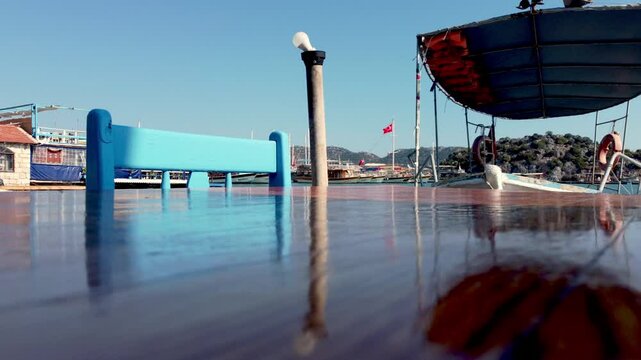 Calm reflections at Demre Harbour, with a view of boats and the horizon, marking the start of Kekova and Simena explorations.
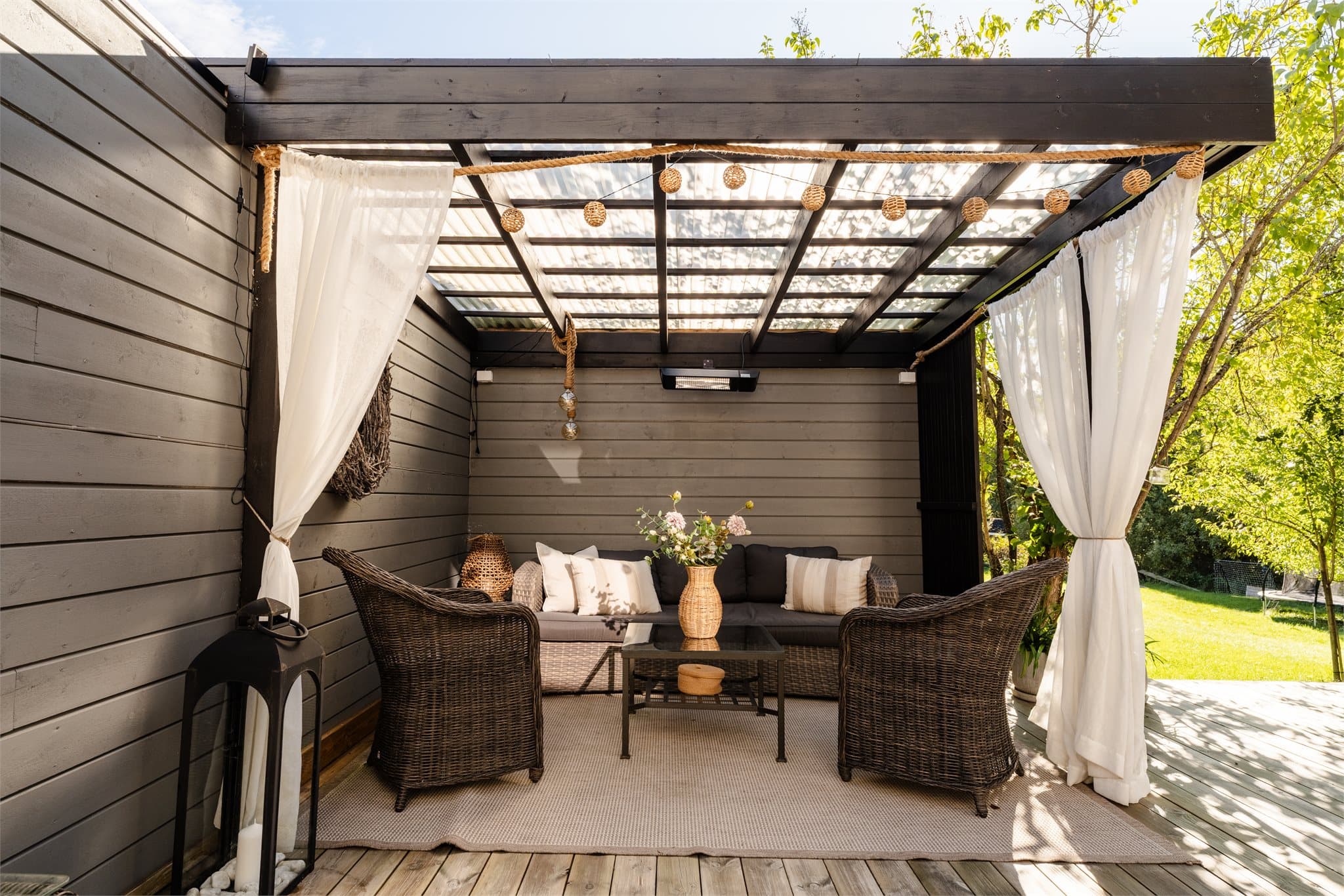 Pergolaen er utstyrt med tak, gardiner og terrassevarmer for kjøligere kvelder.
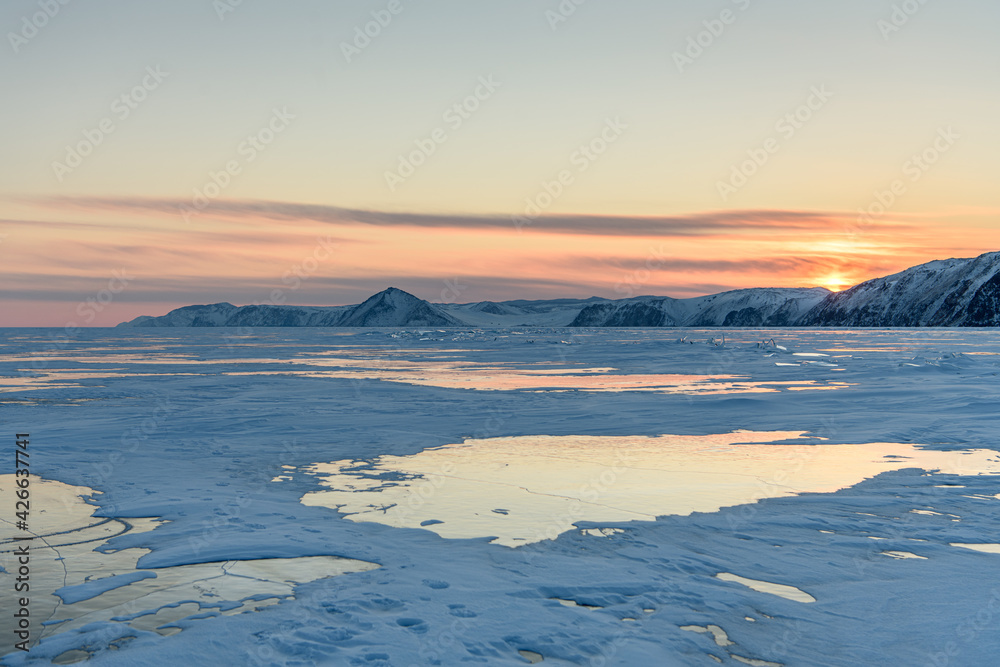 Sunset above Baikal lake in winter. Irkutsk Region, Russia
******
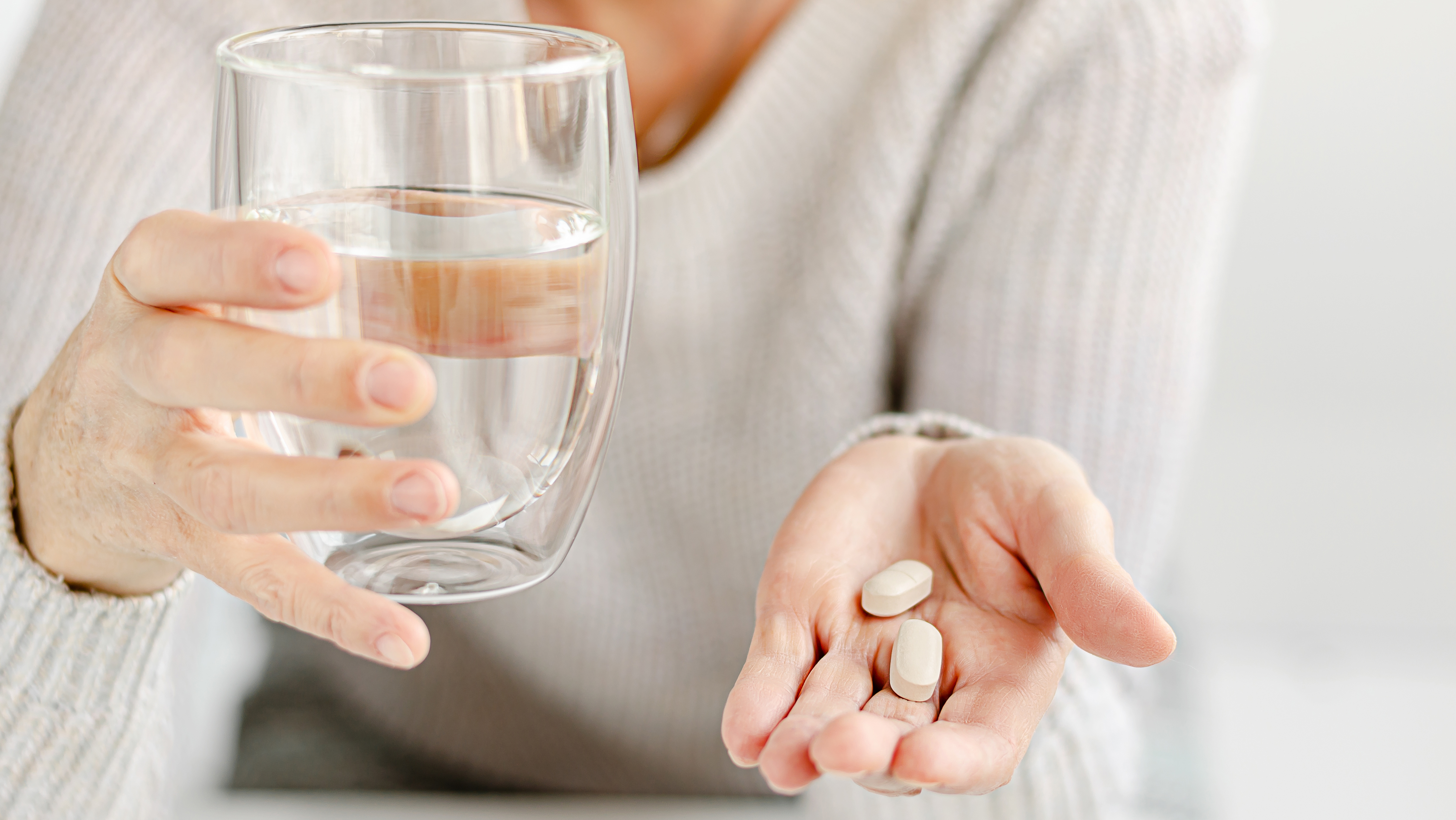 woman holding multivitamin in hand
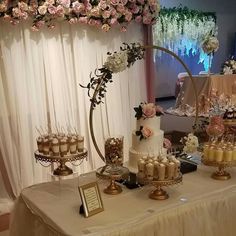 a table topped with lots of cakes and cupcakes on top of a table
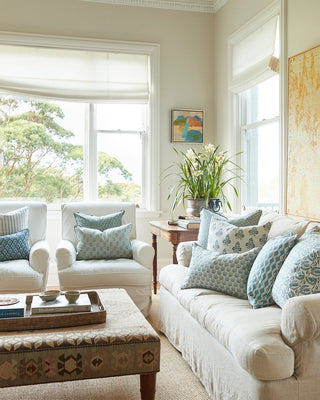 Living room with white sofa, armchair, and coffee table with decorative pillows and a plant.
******
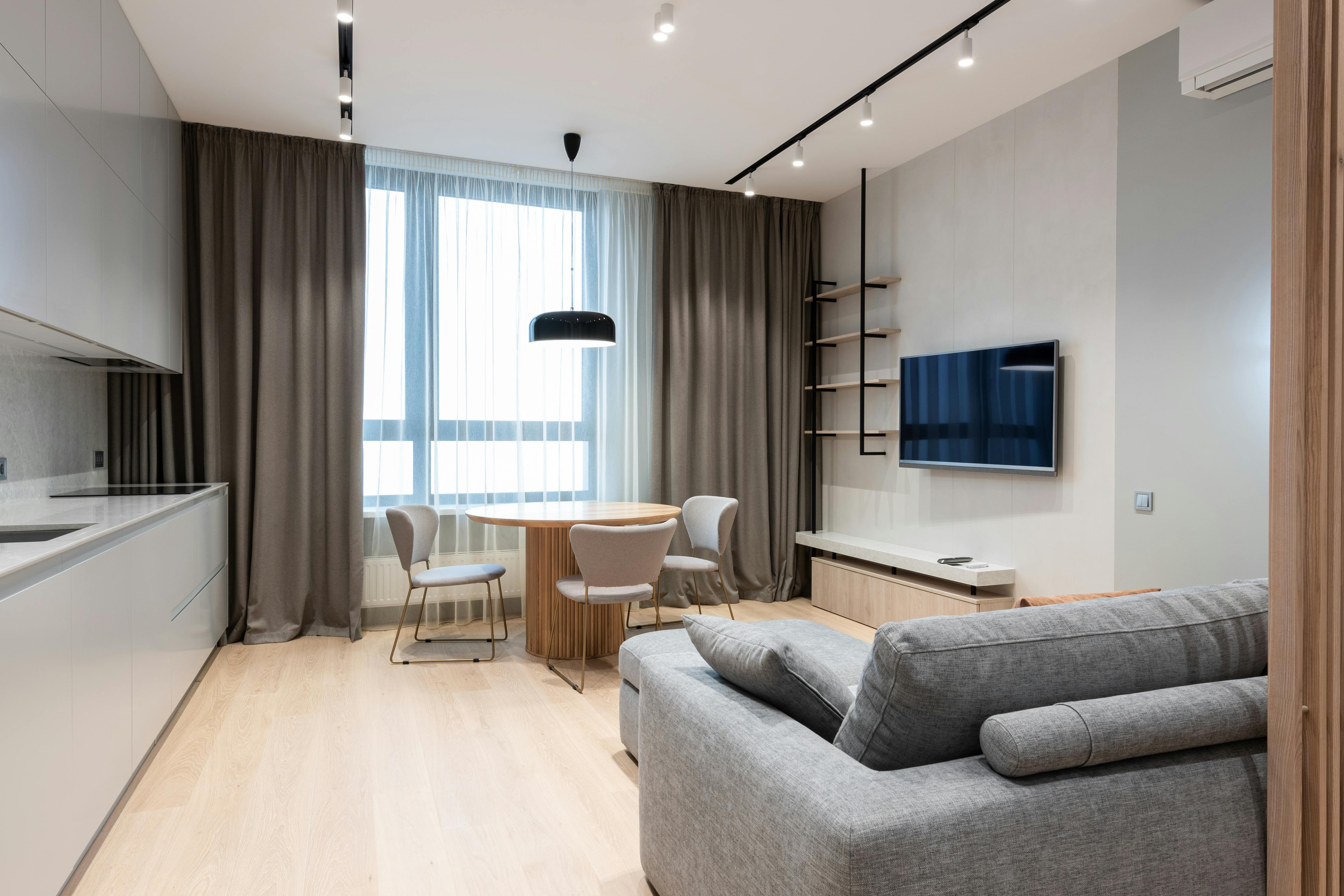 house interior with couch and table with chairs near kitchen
******
- What needs to be done
In the listing above, find the line containing "Calm reflections at" and the line containing "Sunset above Baikal"; print those lines and every line between them exactly, leaving out pictures.

- Exercise answer
 Calm reflections at Demre Harbour, with a view of boats and the horizon, marking the start of Kekova and Simena explorations.
 Pergolaen er utstyrt med tak, gardiner og terrassevarmer for kjøligere kvelder.
 Sunset above Baikal lake in winter. Irkutsk Region, Russia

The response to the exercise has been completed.